State officials continue to press forward with their latest proposal to convert the Scajaquada Expressway into a lower-speed boulevard, but the plan is increasingly meeting with opposition from those who say it doesn't go far enough to encourage and protect both pedestrians and bicyclists.
The New York State Department of Transportation has scheduled a public meeting at 5:30 p.m. Jan. 25 to discuss and receive input on the redesign of the Scajaquada Corridor. The hearing – which was rescheduled from mid-December because of weather – will be held in the auditorium at Frederick Law Olmsted Public School 64, 874 Amherst St., at Lincoln Parkway. Public comment will be accepted on the proposal through Feb. 8.
But opponents, including GoBike Buffalo and the Scajaquada Corridor Coalition, are mobilizing to voice their criticism of the plan and demand changes. They're calling on their members or supporters to sign petitions or send letters and emails to the state agency's regional director, Frank Cirillo, to "express our displeasure" with a design plan that they say "fails to meet Governor Cuomo's transformational vision" for the roadway.
"NYSDOT needs to address the community's priorities and demonstrate that this project will have a positive impact on economic development, public health, environmental sustainability and the qualify of life of all residents," the draft petition reads.
The pending battle shows not only how far the effort to redesign the road has come since advocates began calling for change almost two decades ago, but also how far it may still have to go before satisfying elements of the community.
In their current plans, state engineers have talked of calming traffic with narrower lanes, a landscaped median, new trees and other plantings, and crossings for pedestrians and bicycles. Those ideas have been considered and removed from plans before, but appear to be solid now. The changes would apply to a 2.2-mile stretch from Grant Street to Parkside Avenue.

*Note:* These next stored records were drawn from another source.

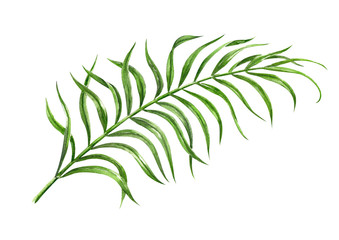 Tropical palm leaf watercolor hand drawn illustration isolated on white background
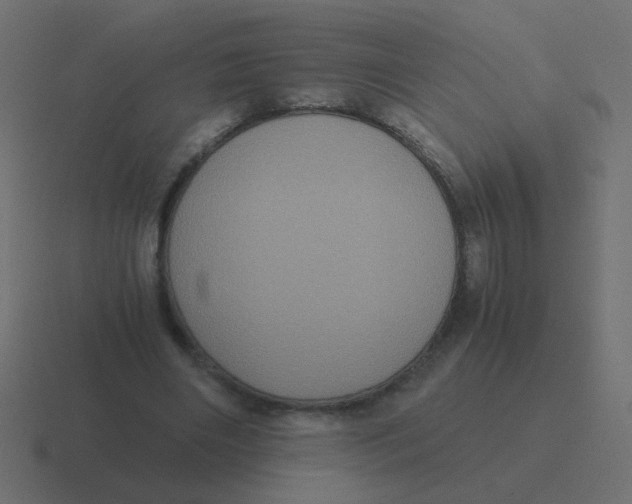 X0000116480490200912292049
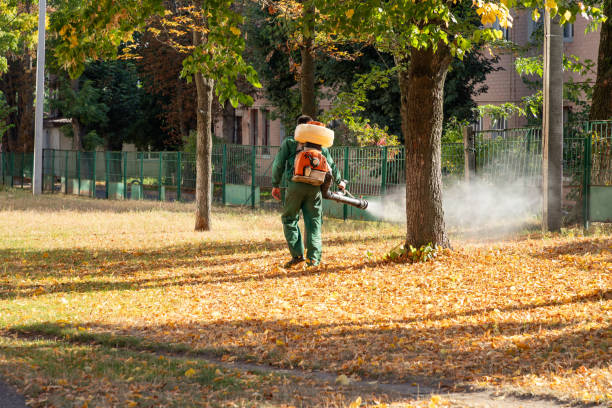 Best Wasp Removal Services  in Suncrest, WA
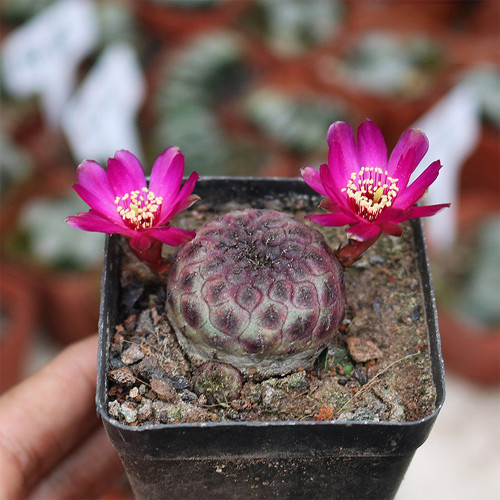 Sulcorebutia rauschii Cactus - Compact Purple-Green Globular Live Plant, Rare Cactus, Low Maintenance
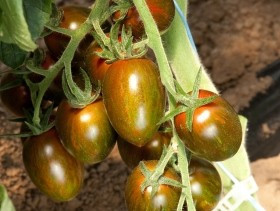 Crispino Plum F1 - 500 sem - Seminte de rosii cherry tip zebrata care se disting prin culoarea rosie/maronie intensa a fructelor forma ovaloida uniforma si un continut ridicat de dulceata de la Esasem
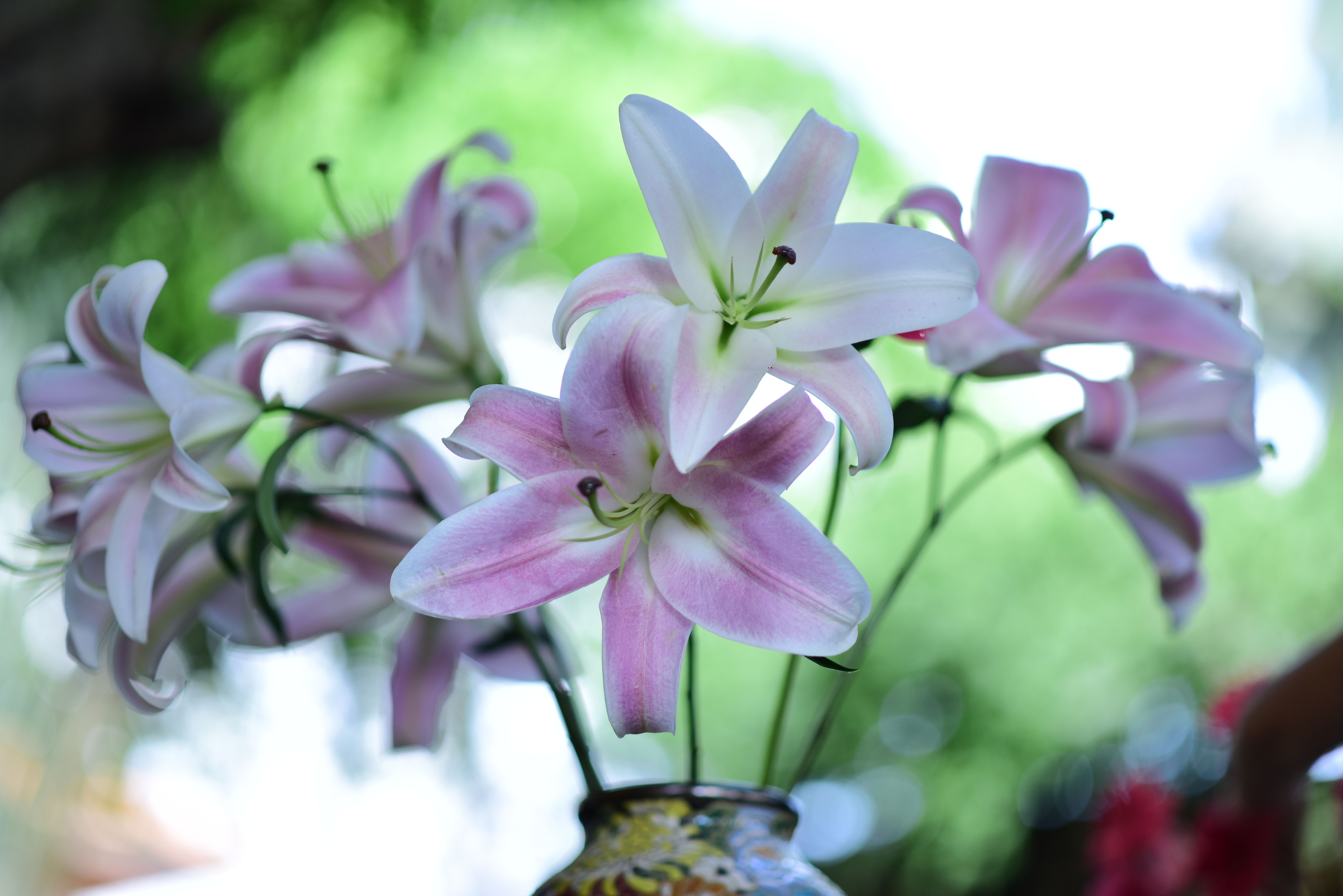 [ColoSach]-a-delicate-arrangement-of-pink-lilies-in-a-decorative-vase,-captured-outdoors-in-natural-light.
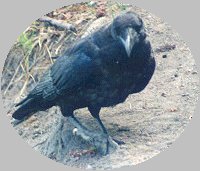 RAVEN SPEAKS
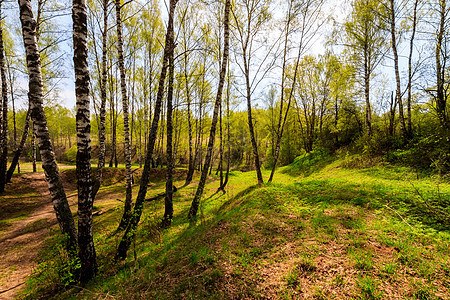 春天是阳光明媚的一天树干阴影公园生活蓝色季节森林树林木头场景图片
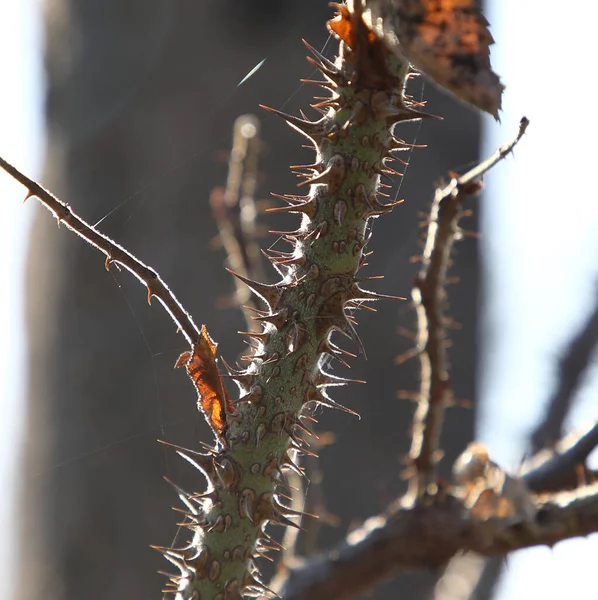 Rose Branch Sharp Thorns High Quality Photo — Foto de Stock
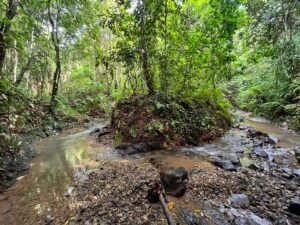 150003 Luxury Home For Sale 50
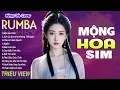 Download Lagu MỘNG HOA SIM , CÓ DUYÊN KHÔNG NỢ - LK Nhạc Trẻ Rumba 8x 9x Hót TikTok - ALBUM RUMBA XUẤT SẮC NHẤT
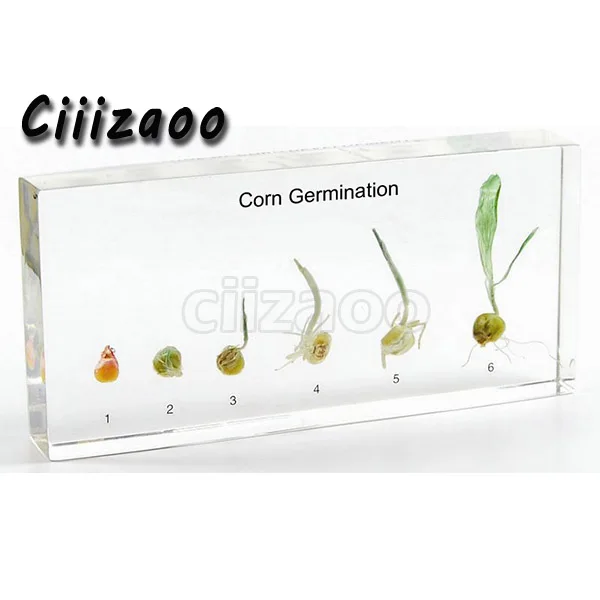 Biology Science Classroom Specimens Collection Corn Germination Specimen 
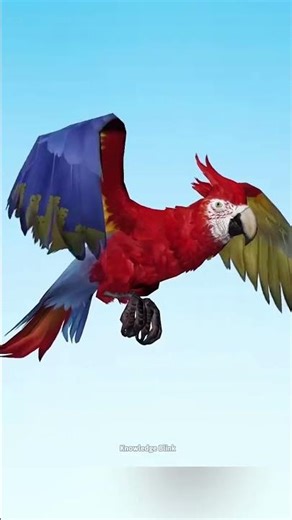 Can Humans Fly Like Birds?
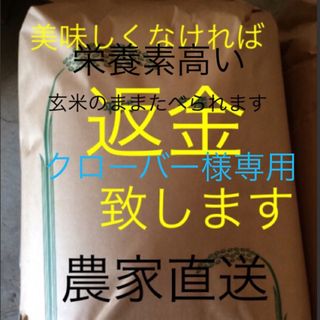 クローバー様専用　15日　新米無農薬純こしひかり30㎏ 玄米(米/穀物)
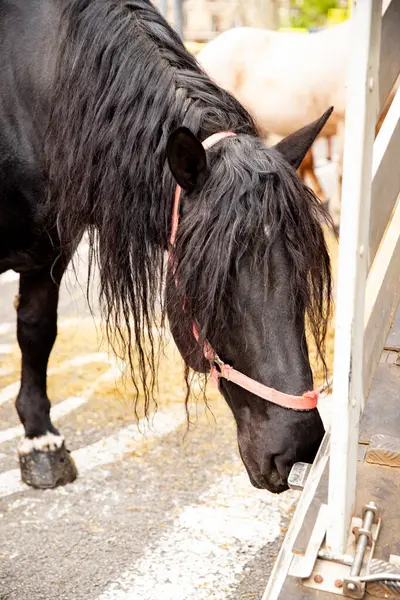 Koşumlu uzun yeleli siyah bir atın yakın çekimi.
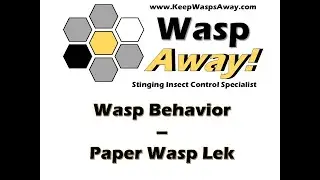 Wasp Away - Wasp Behavior - Paper Wasp Lek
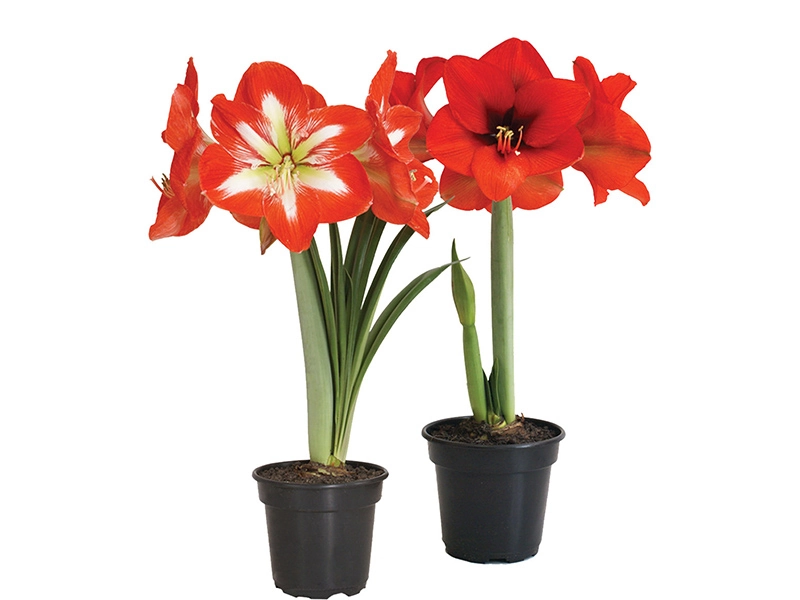 Flor Amaryllis 2 Hastes P14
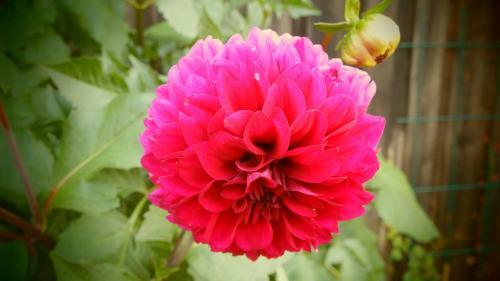 Apartamento Haus Bergblick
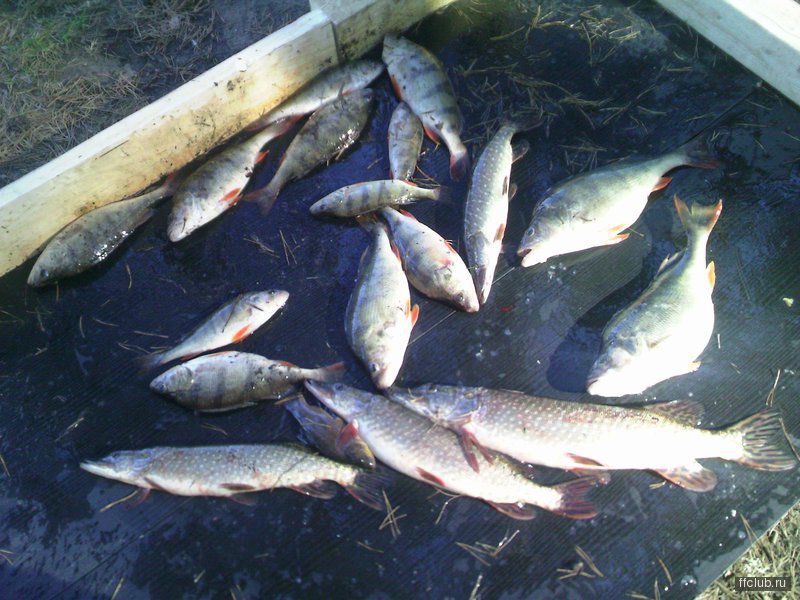 Озеро тюмень рыбалка. Озеро Андреевское Тюмень рыбалка. Гурино озеро Тюмень. Озеро Гурино Тюмень рыбалка. Озеро Гурино рыбалка.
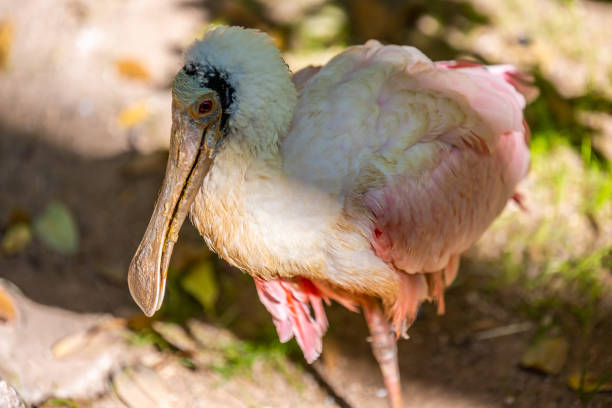 A gregarious wading bird strolling around the preserve .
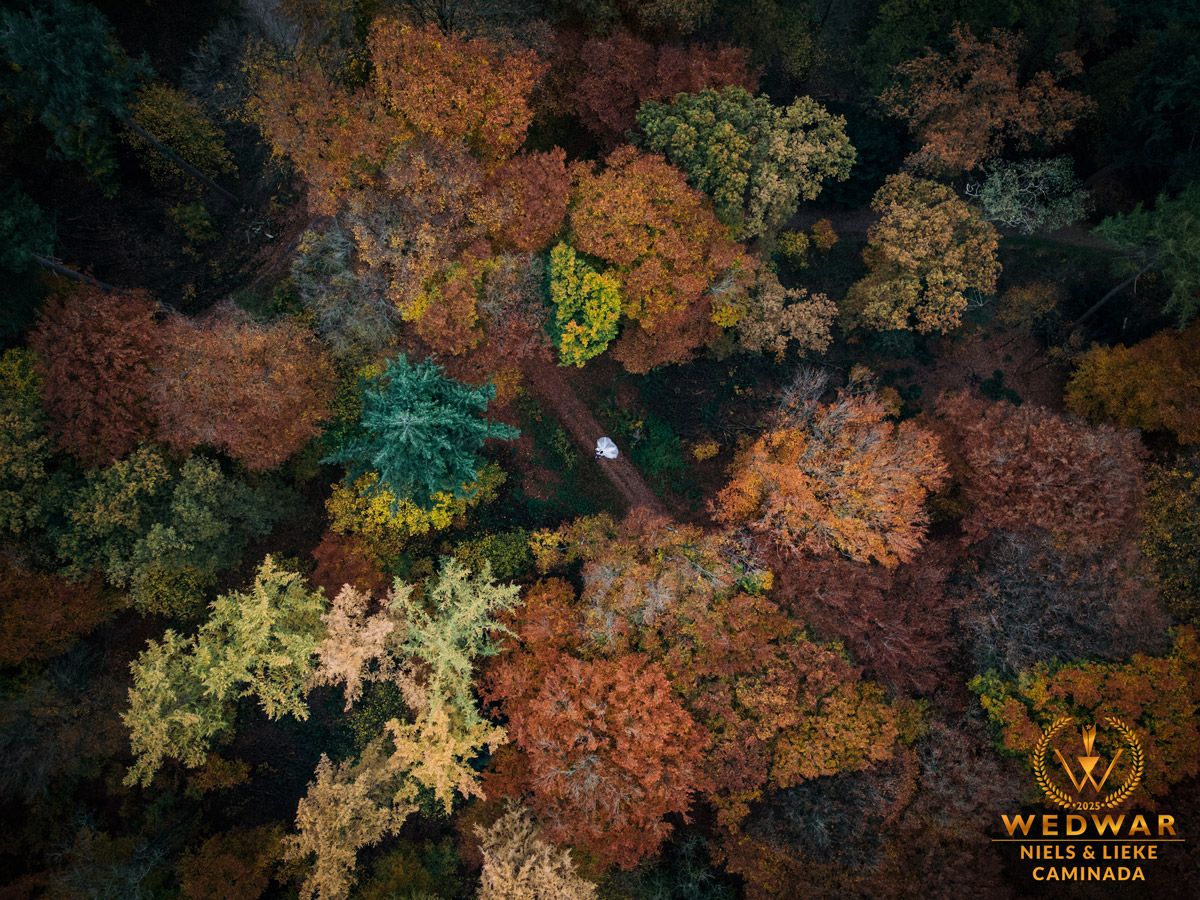 drone foto wedwar van een bos met herfstkleuren en een bruidspaar in het midden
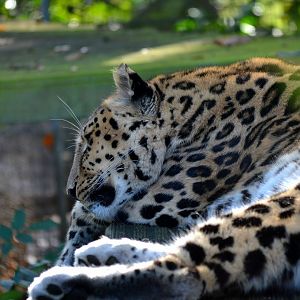Amur Leopard - October 2016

But the Scajaquada Corridor Coalition – whose members include the Olmsted Parks Conservancy, the Parkside Community Association, the Grant-Amherst Business Association, Restore our Community Coalition and GoBike Buffalo – says that's not enough, and has been pushing for more radical changes to "rightsize" the Scajaquada to "fit better in the surrounding landscape," said GoBike Executive Director Justin Booth.
He said the state is still focused primarily on the flow of traffic and traffic safety, rather than making the roadway and park safe for pedestrians and bicyclists, with intersections that even people with disabilities can calmly cross.
"You're looking at 100 feet to cross in some locations," he said. "It's really about focusing not just on moving traffic and reducing congestion, but on making the roadway safe and providing many other benefits than just traffic moving."
And he criticized the state for failing to consider public input.
"The process has not been the best," he said. "We provided a lot of feedback, and it doesn't necessarily translate into a real response. ... That's part of the reason why we don't have a plan that's widely supported and why there's strong opposition to what the DOT has been laying out."
He acknowledged complaints expressed by many people about the slower mandated speed on the road now, and even said he agreed with that frustration. "It is incredibly hard to drive a car on an expressway that is designed for a much higher speed," he said. "I find, myself, that I have to put my car on cruise control, because you automatically have a tendency to go faster because it's designed to go faster."
That's why it needs to be more of a city street, with more intersections and access, to change how the road feels, in accordance with a "complete streets" concept, he added.
"The design truly influences behavior," he said. "It's all about how we design our streets in a way that facilitates a 30-mph speed while supporting walkers and bicyclists.
"That's the kind of conversation it's important to have. Are we willing to sacrifice 10 minutes of our time?"
The 1960s-era roadway carries more than 50,000 cars and trucks daily between the Kensington Expressway and the Niagara Thruway, although only one-third of the traffic actually travels end to end. But critics say the highway should never have been built, that it destroys the beauty and potential of an Olmsted park, causes harm to the environment and individual health and limits connections with neighborhoods and the two sides of the park itself.
In response, state officials have been working for more than 15 years to come up with a way to reconfigure New York State Route 198 by transforming it from a car-focused highway to a lower-speed, parklike boulevard. Proposals have gone back and forth over the years, with no real progress in the end. But the stalled effort gained significant momentum after a young boy was killed in Delaware Park in May 2015, when the driver of a car on the Scajaquada fell asleep at the wheel and his car jumped the curb and crashed into the boy and his family on the grass.
Cuomo immediately ordered the state DOT to lower the speed limit to 30 mph, and directed the agency to complete the redesign. Officials promptly put up barriers, restriped the road, added rumble strips to slow down vehicles and put up new signage to warn drivers of lower speeds. The agency, which has already held multiple public meetings and solicited feedback directly through various groups, is now seeking to complete its environmental review process early this year, before completing the design work, signing a construction contract and beginning work by 2018.